Door dit werk krijgt Julien een heel ander Amerika te zien. Hij beseft dat hij met zijn verblijfspapieren en mooie appartement niets te klagen heeft. Simone leeft in een andere wereld en kan zich nauwelijks iets voorstellen bij wat Julien haar vertelt. Schrijnend is het contrast tussen rijk en arm. Julien wordt in een luxe auto van vrienden opgehaald om naar een feest te gaan, Rui moet lopend naar zijn werk.
De enige andere 'vaste' medewerker is Andy, die niet van de drank af kan blijven en daardoor om de zoveel tijd de gevangenis in gaat vanwege de ravage die hij met drank op veroorzaakt. Ook aan Andy worden verder geen vragen gesteld. Rui en Julien doen hun werk en dat is het.
Thuis schrijft Julien zijn gedichten en stuurt ze op naar uitgevers maar ze worden nergens geaccepteerd. Verder probeert hij Spaans te leren om beter contact met Rui te krijgen. Julien voelt zich een buitenstaander in de pizzatentwereld. De illegalen hebben gelijk hele gesprekken en wisselen binnen de kortste keren adressen en telefoonnumers uit.

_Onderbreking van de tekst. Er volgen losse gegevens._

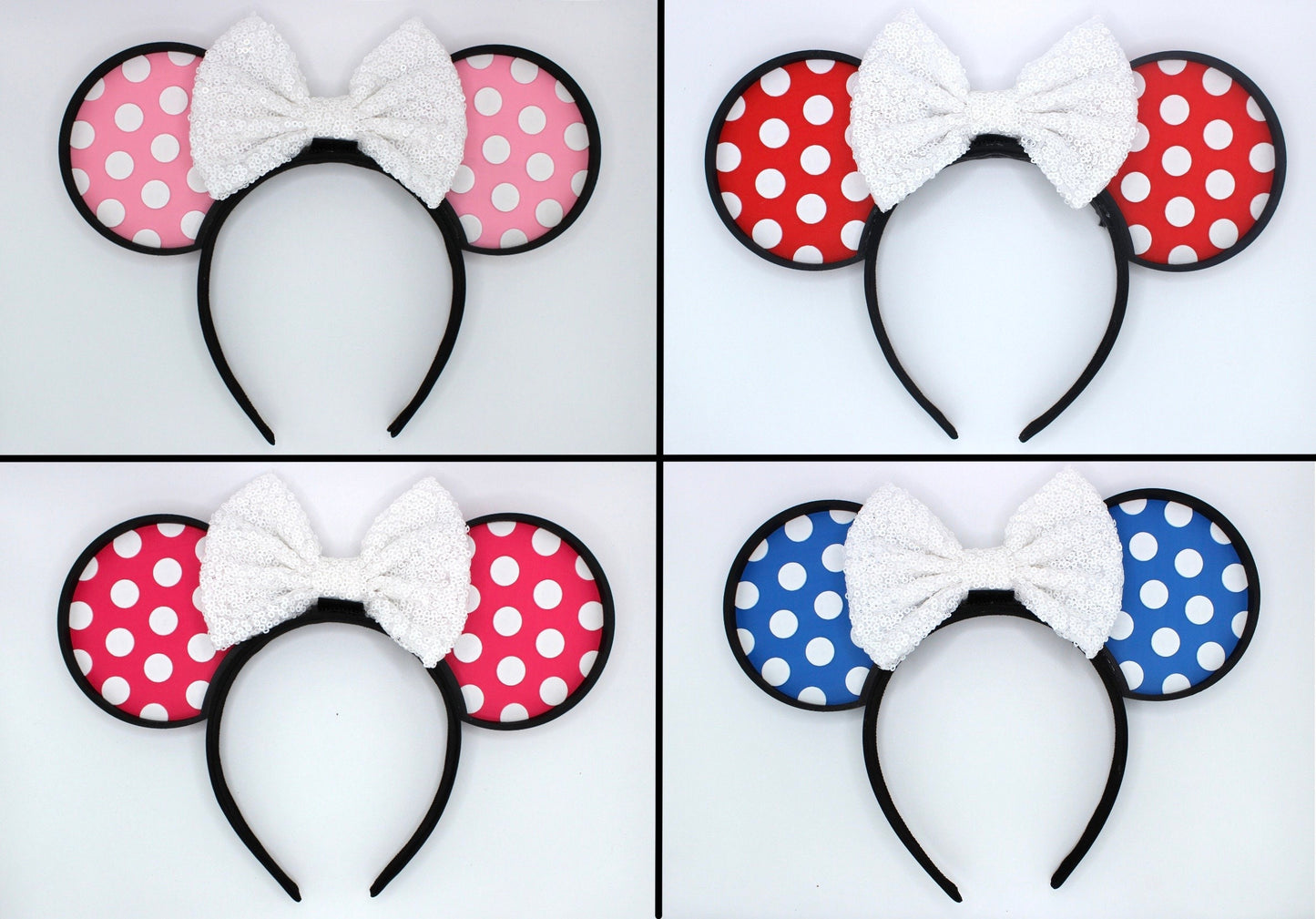 Polka Dot Mouse Ears Headband - 3D printed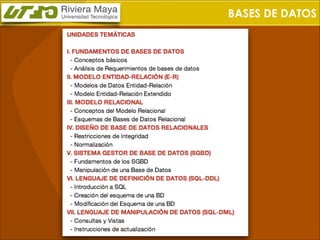 BASES DE DATOS

 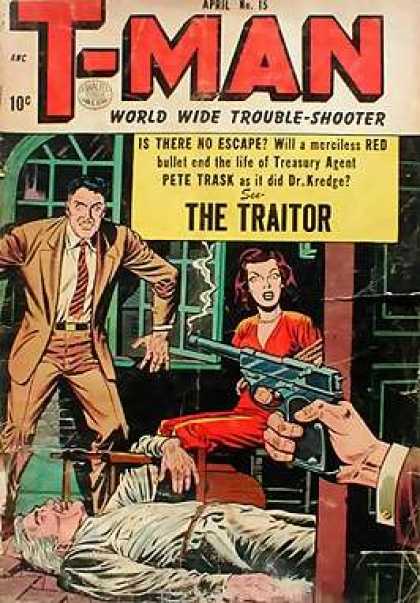 T-Man 15 - The Traitor - Escape - Red - Pete Trask - Pistol
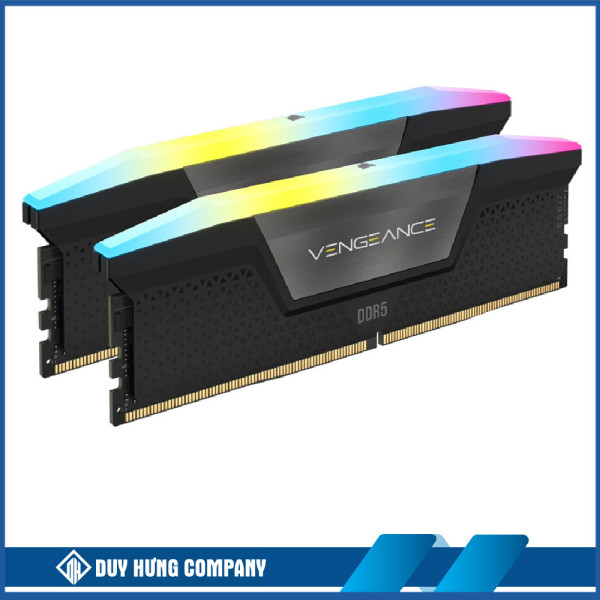 RAM CORSAIR VENGEANCE RGB 64GB (2x32GB) DDR5 5200Mhz (CMH64GX5M2B5200C40)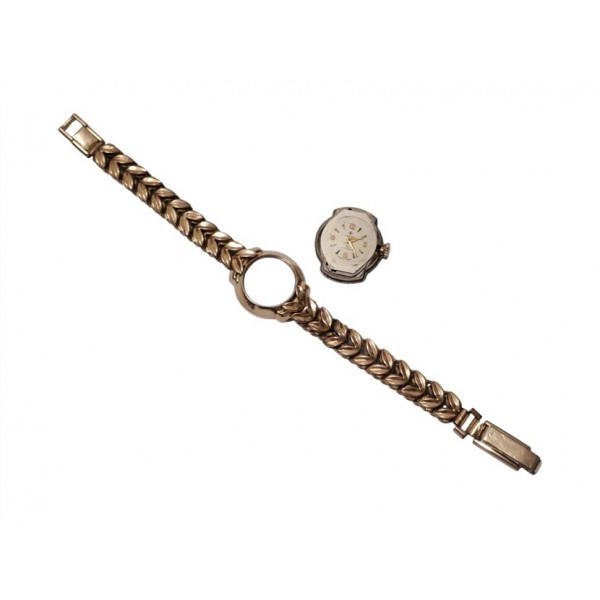 Antika Saat Verdal Kadın Saati Antique Lady Mechanical Watch Swiss Made Gold Plated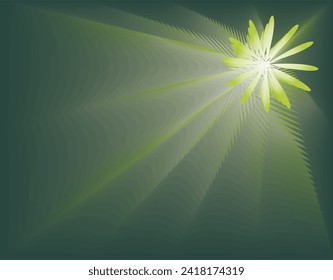 composition of shapes, planes and colors with shades of green as a visual design element and as inspiration for specific visual designs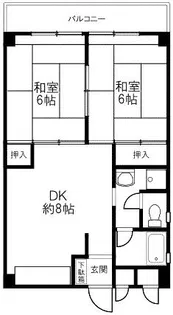 コーポ中津【6階】の間取り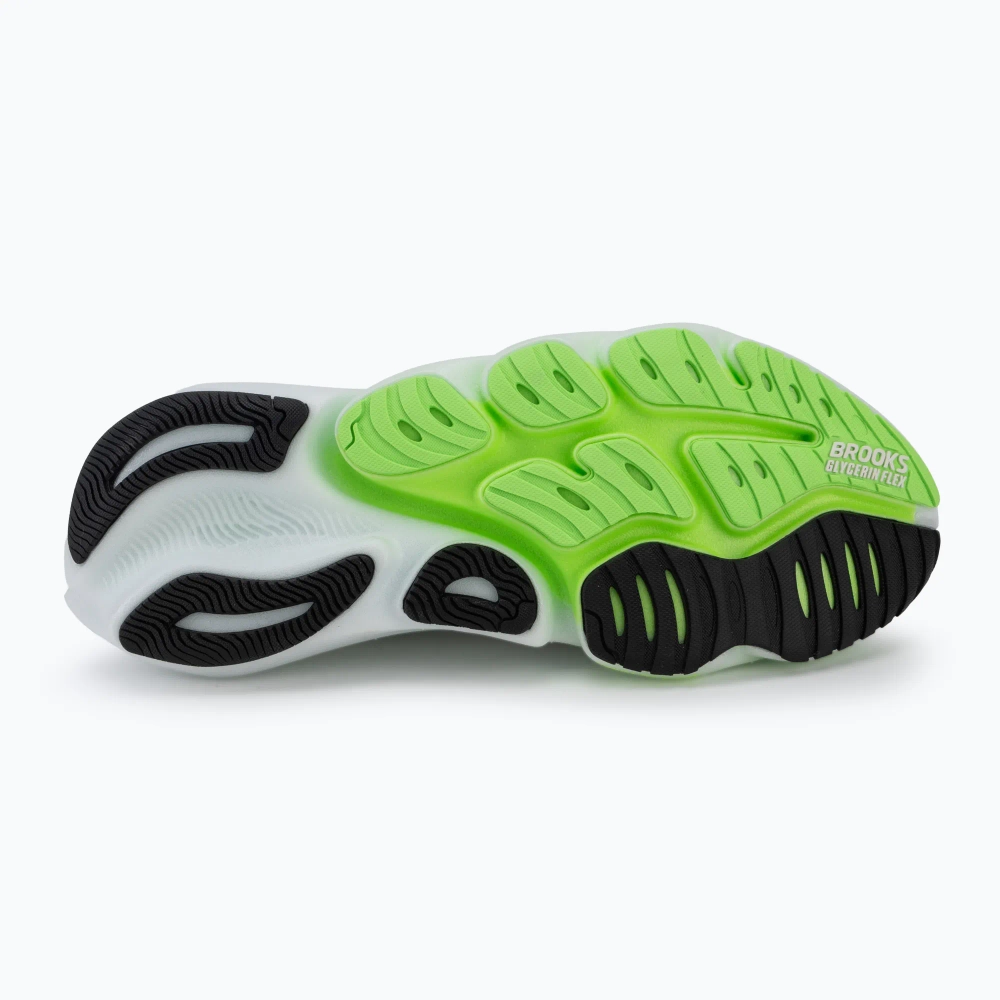 Кроссовки для бега Brooks Glycerin Flex white/green gecko/phantom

"Soms komt er zo'n compañero in de zaak, vraagt mij in z'n beste Engels of die of die er ook is, ik zeg sorry die ken ik niet, maar als ik dan op het werkrooster kijk zie ik dat er inderdaad gisteren iemand heeft gewerkt die zo heet. Werkt hier dus een dag en heeft nu al vrienden gemaakt, is nu al een van hen. Ze hokken samen, ze zoeken elkaar op, ze wisselen onderling de nieuwste Mexicaanse muziek-dvd's uit, en geef ze eens ongelijk."

Langzamerhand begint Amerika en de Amerikanen Julien steeds meer tegen te staan. Ze zijn nep, fake met hun zogaamde beleefdheid, hun volgevreten lijven en standaardzinnen.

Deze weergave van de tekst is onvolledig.